This time there were two "technicians". I suppose that's because these two seemed to be only half as capable as the one from the other shop. The first thing they did was to supposedly test the thermostat and declared it to be "fine". When I tried to get them to explain why the past 3 times the thermostat was replaced and the oven worked they just said that the test meter doesn't lie.
They next turned their attention to the power supply on the wall to see if it was providing 240 volts. When I mentioned that if it was not the heating element would never work, they said "just checking". Well, they couldn't get the proper reading and were convinced this was the problem. Finally they decided to plug the oven in and check the voltage somewhere on the oven itself. Surprise, surprise there was 240 volts. It seems as if they couldn't position their probes to get a correct reading when trying directly on the wall outlet.
To make a long story short, after phone consultation directly with KitchenAid they deduced that the main electronic control panel was the problem and unfortunately they would have to order that part. I hope my logic is totally faulty because I can't see that as the issue but believe me I would love to be wrong. I would willing wear a sign around my neck for a week declaring that I am an unknowing lout....if they can only fix this once and for all.
They are scheduled to come back tomorrow. That makes three times this week. Wish me luck.
On a more pleasant note, Guitar and I went to Roxborough State Park yesterday afternoon for a hike. The weather was quite pleasant in town so we decided to see what it was like at the park.

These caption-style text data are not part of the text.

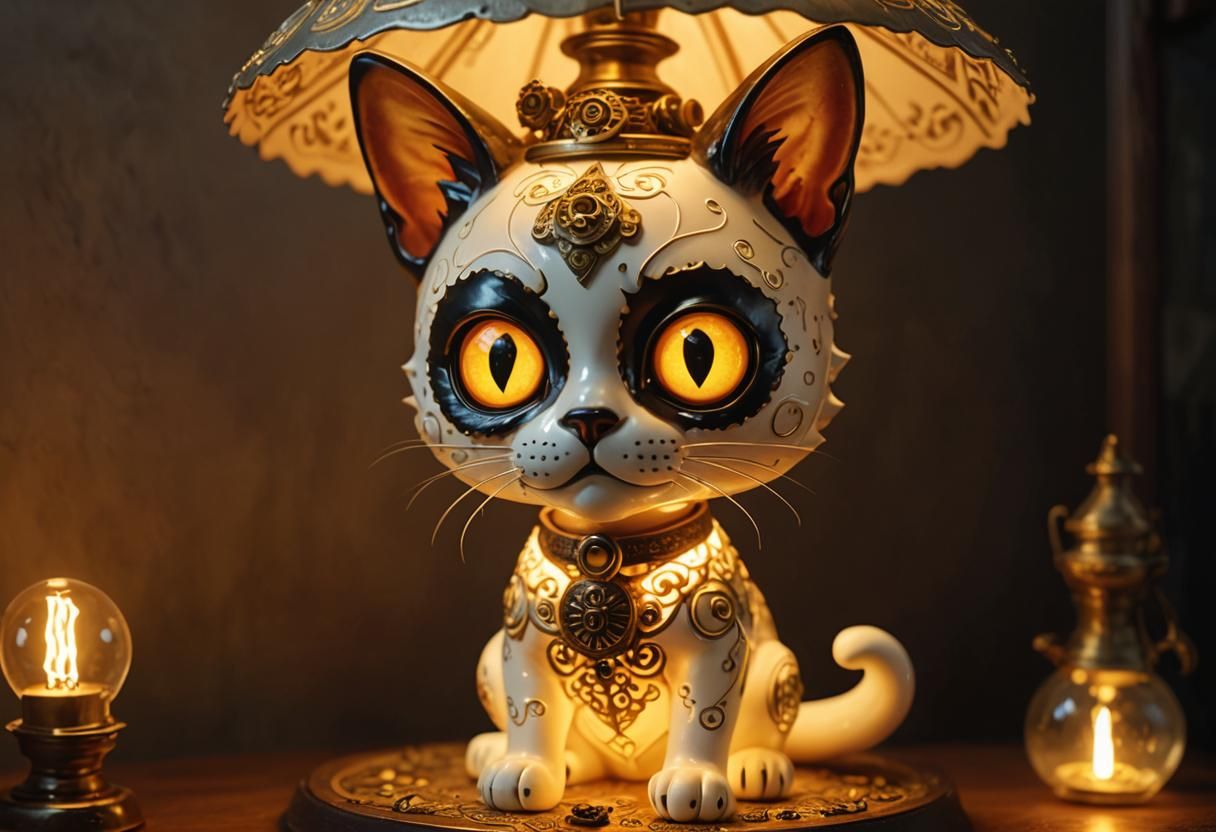 Steampunk Catrina Cat Lamp in Metarealism Style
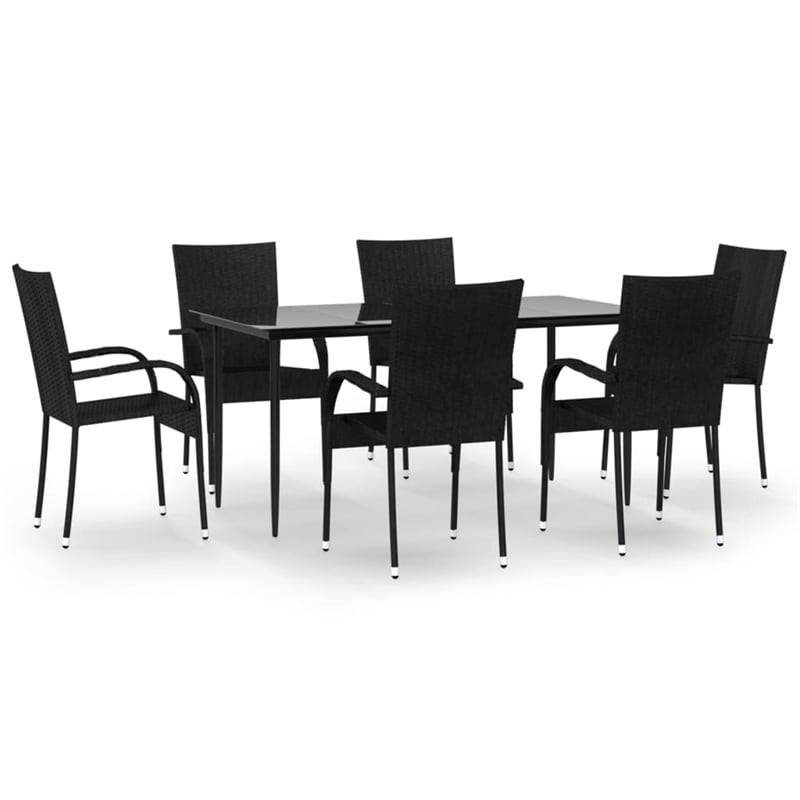 vidaXL PE Rattan Durable Garden Dining Set in Black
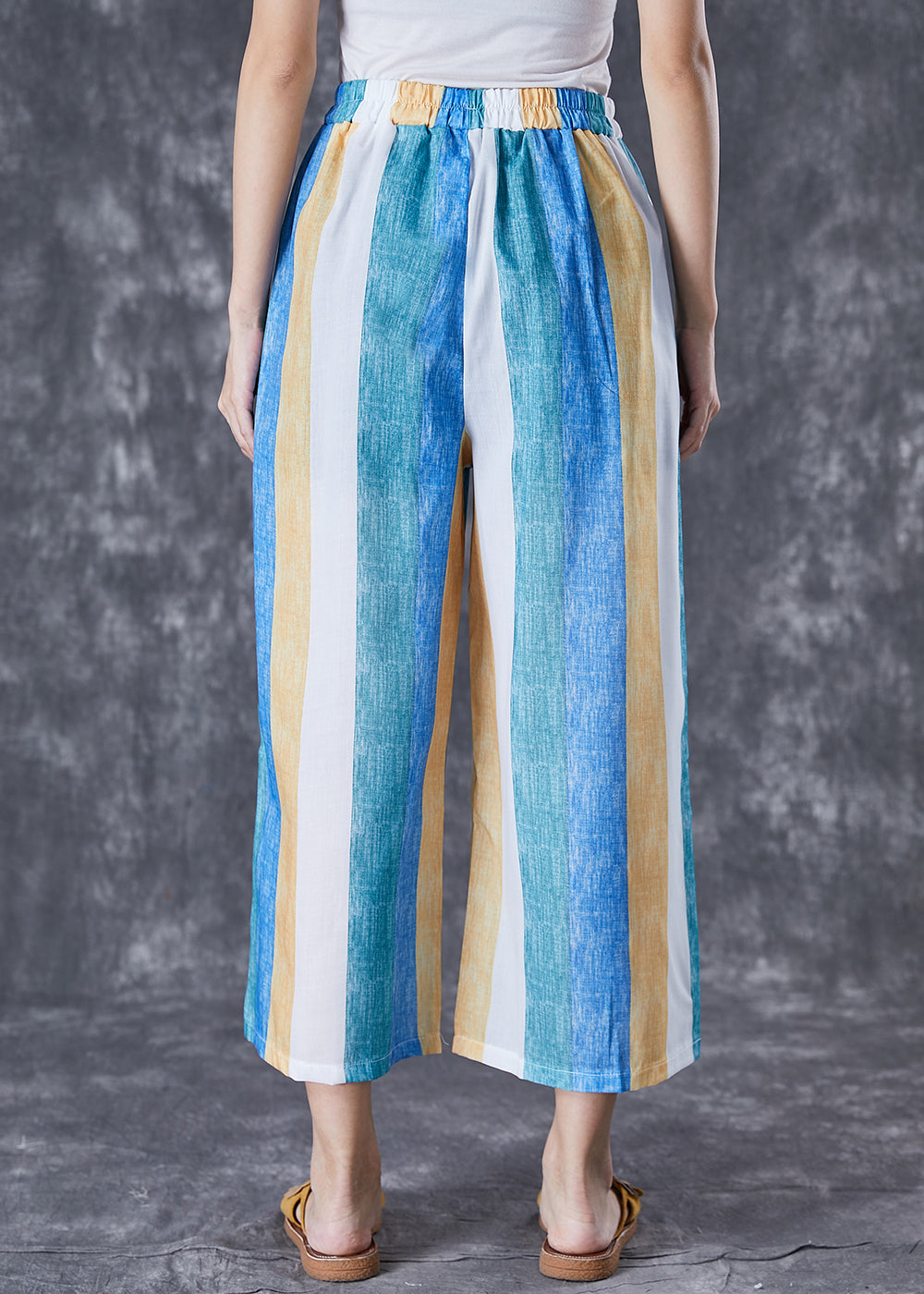 Colorblock Striped Pockets Linen Wide Leg Pants Summer
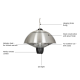 La Hacienda Outdoor Hanging Mushroom Silver Heater with LED Light | 69564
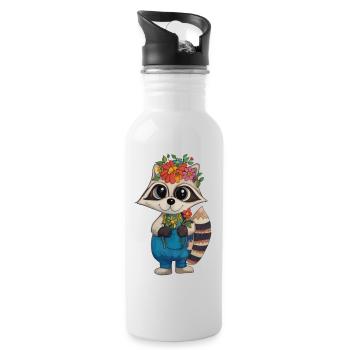 Flower Wreath Raccoon - Water bottle with straw - white - Right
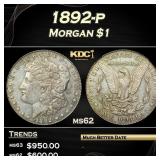1892-p Morgan Dollar $1 Grades Select Unc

Because of the terrain there was still a bit of snow lingering but that made for some nice pictures. The park was pretty much deserted and we only saw four other people the whole time we were there. As you can see from the pictures in this post, the creatures "great and small" were out and doing the thing they need to do to survive.
The animals realize that they are safe in this environment and are not skittish around humans. The nice buck deer in the picture above was in a herd of about 5 other deer and was not at all concerned about our presence. We had a heck of a time getting him to lift his head from feeding to get a good picture. Talking didn't work. Shouting didn't work. Shouting and waving our arms didn't work.....only a near miss with a small rock got his attention enough to lift his head for a couple of seconds.
Now that the weather seems to be moderating, I will make this park a regular on my schedule. It sure is a lot more interesting than 30 minutes on a treadmill!
Thanks for visiting.
Monday, February 25, 2008
Saturday evening Guitar and his spouse Pic-E, The Bride and I went to a cabaret show in downtown Denver. The cabaret is Lannie's Clocktower Cabaret and is located in the basement of a very historic building on the 16th Street Mall of downtown Denver.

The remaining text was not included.